## EXERCISE DIRECTIONS
Word for word, repeat everything in the records below except the pictures.

──────────────────────────────

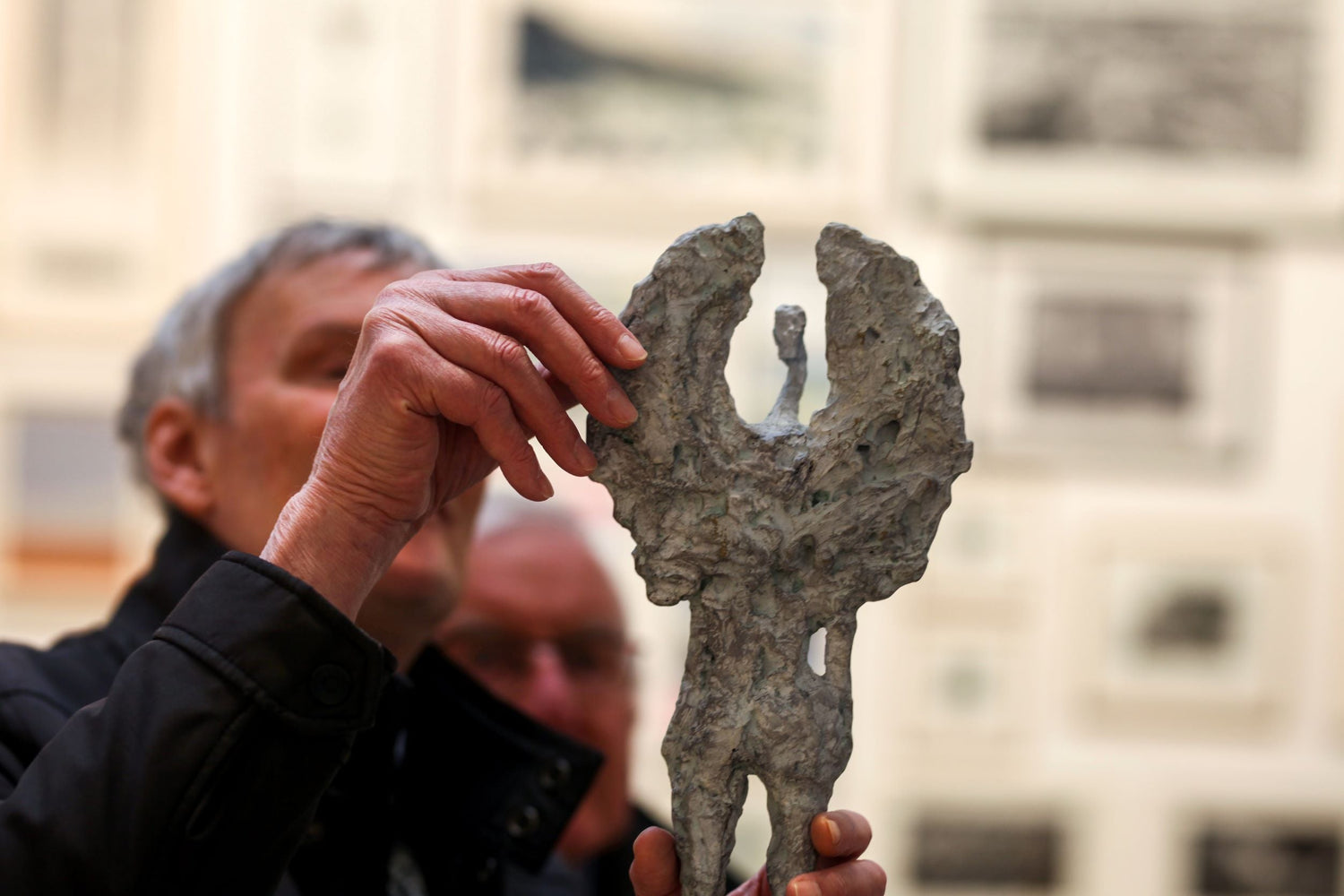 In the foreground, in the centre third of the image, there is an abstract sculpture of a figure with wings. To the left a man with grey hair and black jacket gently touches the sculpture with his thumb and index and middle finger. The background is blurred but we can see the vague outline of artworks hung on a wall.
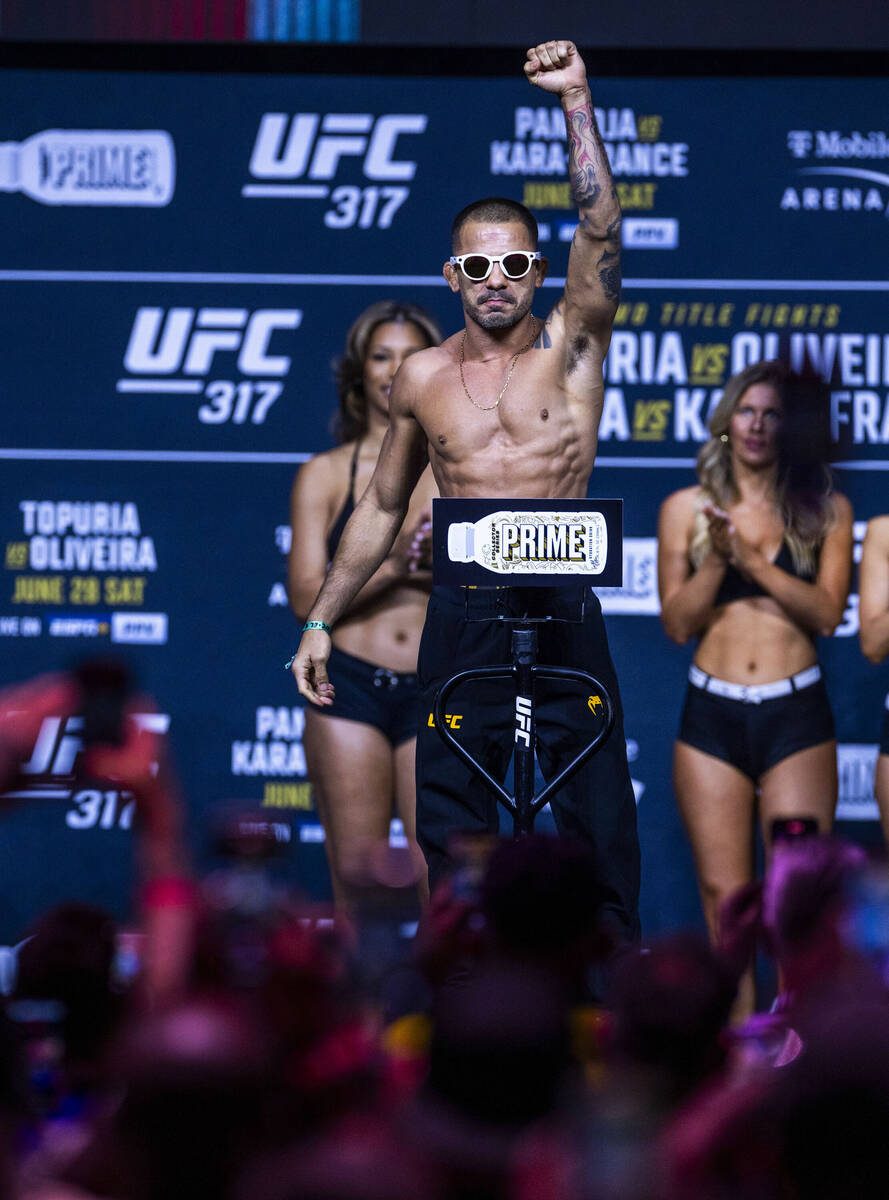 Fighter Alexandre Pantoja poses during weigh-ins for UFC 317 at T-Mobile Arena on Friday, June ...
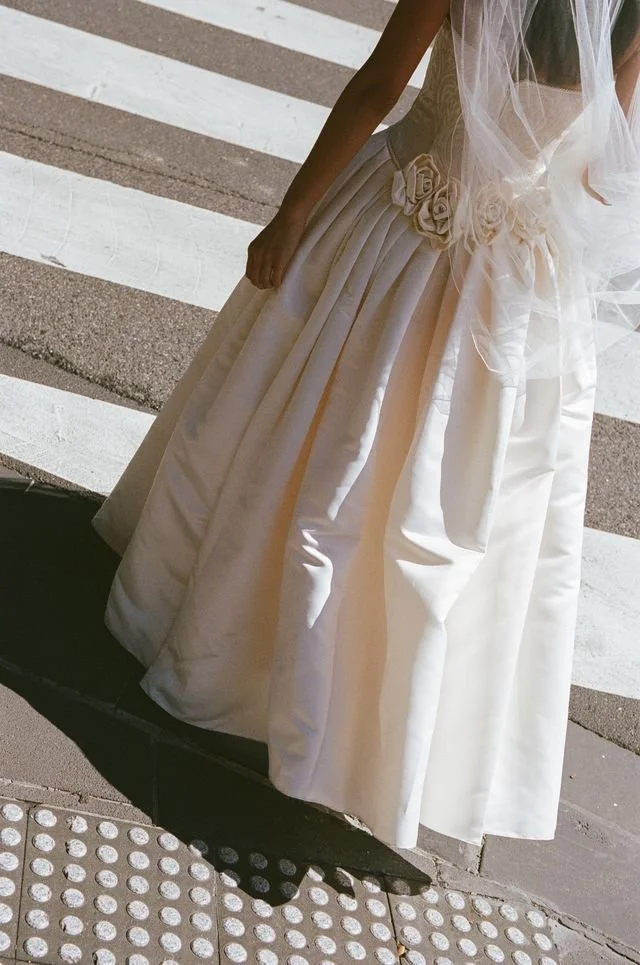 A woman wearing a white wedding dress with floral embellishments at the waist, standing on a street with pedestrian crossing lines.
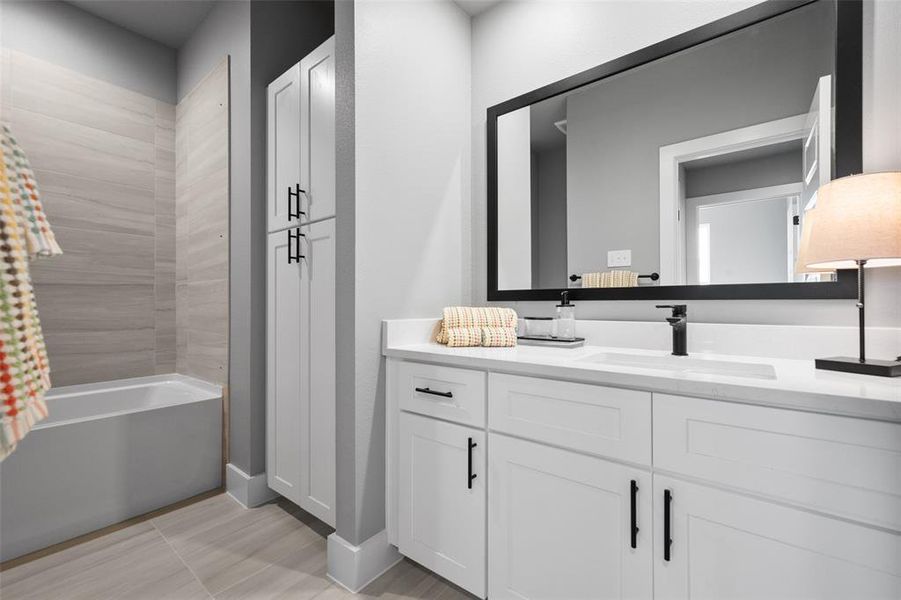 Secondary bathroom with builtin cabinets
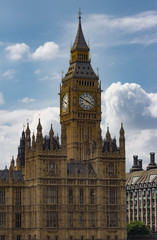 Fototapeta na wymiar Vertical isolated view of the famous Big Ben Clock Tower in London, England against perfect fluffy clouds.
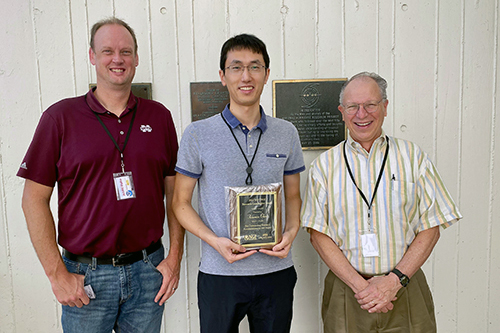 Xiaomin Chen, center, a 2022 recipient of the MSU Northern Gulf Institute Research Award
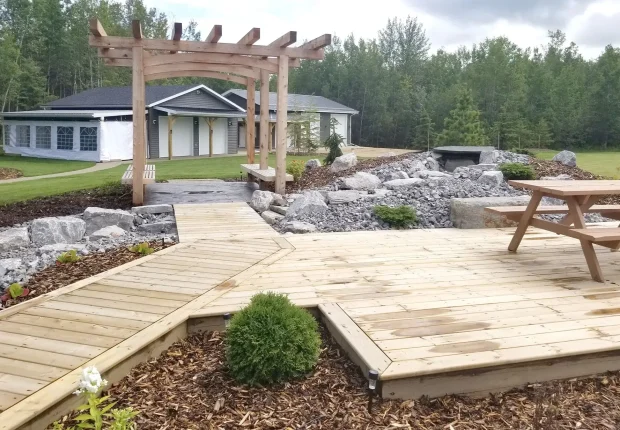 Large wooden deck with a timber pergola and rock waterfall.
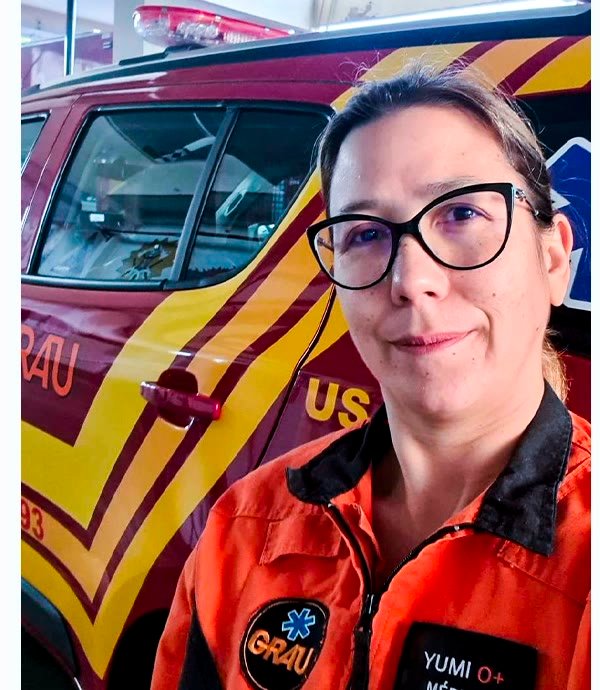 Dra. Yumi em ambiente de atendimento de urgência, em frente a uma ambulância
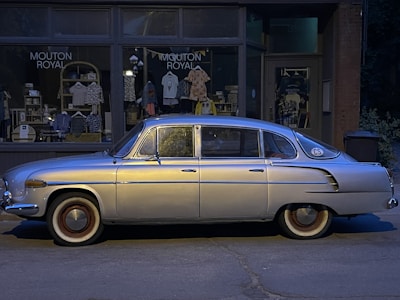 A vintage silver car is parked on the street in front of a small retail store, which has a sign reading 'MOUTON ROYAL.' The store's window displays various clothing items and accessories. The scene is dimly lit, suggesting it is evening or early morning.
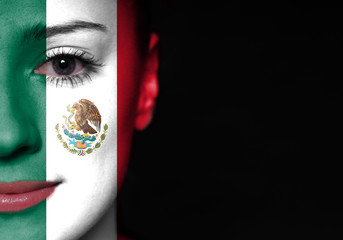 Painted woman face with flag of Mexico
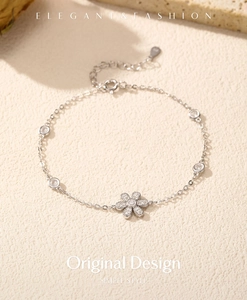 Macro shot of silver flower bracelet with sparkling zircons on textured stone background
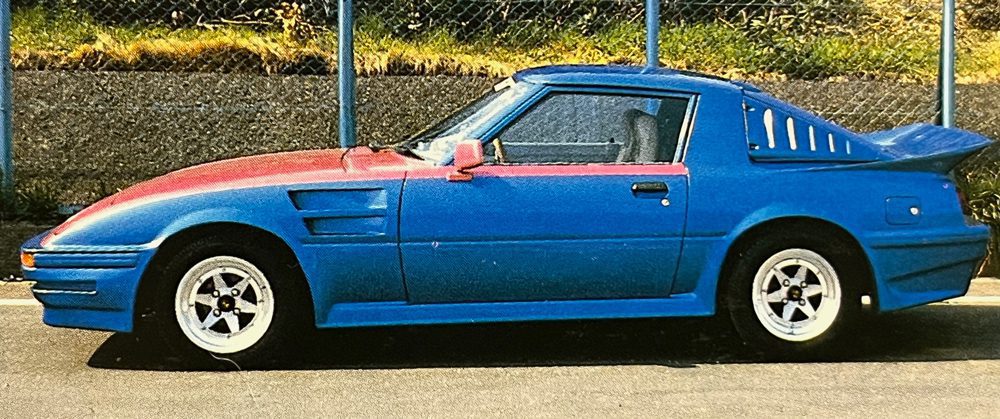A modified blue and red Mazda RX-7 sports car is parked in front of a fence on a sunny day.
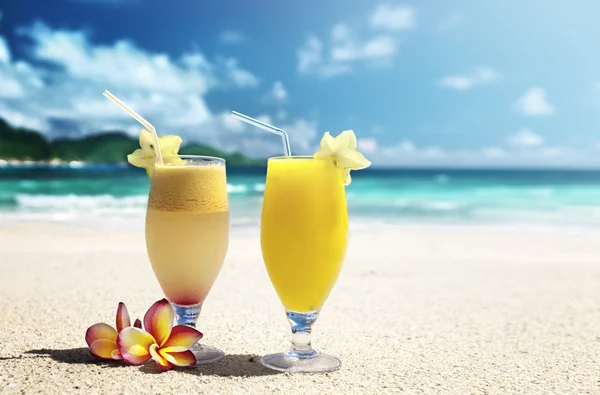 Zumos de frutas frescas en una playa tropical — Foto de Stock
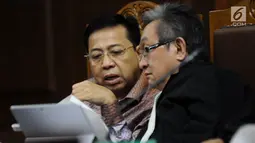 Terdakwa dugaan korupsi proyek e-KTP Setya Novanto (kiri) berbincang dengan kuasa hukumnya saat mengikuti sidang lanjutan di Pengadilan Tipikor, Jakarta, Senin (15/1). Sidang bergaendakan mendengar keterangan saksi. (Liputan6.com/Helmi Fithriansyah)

──────────────────────────────

## RESULT OF THIS EXERCISE
 In the foreground, in the centre third of the image, there is an abstract sculpture of a figure with wings. To the left a man with grey hair and black jacket gently touches the sculpture with his thumb and index and middle finger. The background is blurred but we can see the vague outline of artworks hung on a wall.
 Fighter Alexandre Pantoja poses during weigh-ins for UFC 317 at T-Mobile Arena on Friday, June ...
 A woman wearing a white wedding dress with floral embellishments at the waist, standing on a street with pedestrian crossing lines.
 Secondary bathroom with builtin cabinets
 Fototapeta na wymiar Vertical isolated view of the famous Big Ben Clock Tower in London, England against perfect fluffy clouds.
 Xiaomin Chen, center, a 2022 recipient of the MSU Northern Gulf Institute Research Award
 Large wooden deck with a timber pergola and rock waterfall.
 Dra. Yumi em ambiente de atendimento de urgência, em frente a uma ambulância
 A vintage silver car is parked on the street in front of a small retail store, which has a sign reading 'MOUTON ROYAL.' The store's window displays various clothing items and accessories. The scene is dimly lit, suggesting it is evening or early morning.
 Painted woman face with flag of Mexico
 Macro shot of silver flower bracelet with sparkling zircons on textured stone background
A modified blue and red Mazda RX-7 sports car is parked in front of a fence on a sunny day.
 Zumos de frutas frescas en una playa tropical — Foto de Stock
 Terdakwa dugaan korupsi proyek e-KTP Setya Novanto (kiri) berbincang dengan kuasa hukumnya saat mengikuti sidang lanjutan di Pengadilan Tipikor, Jakarta, Senin (15/1). Sidang bergaendakan mendengar keterangan saksi. (Liputan6.com/Helmi Fithriansyah)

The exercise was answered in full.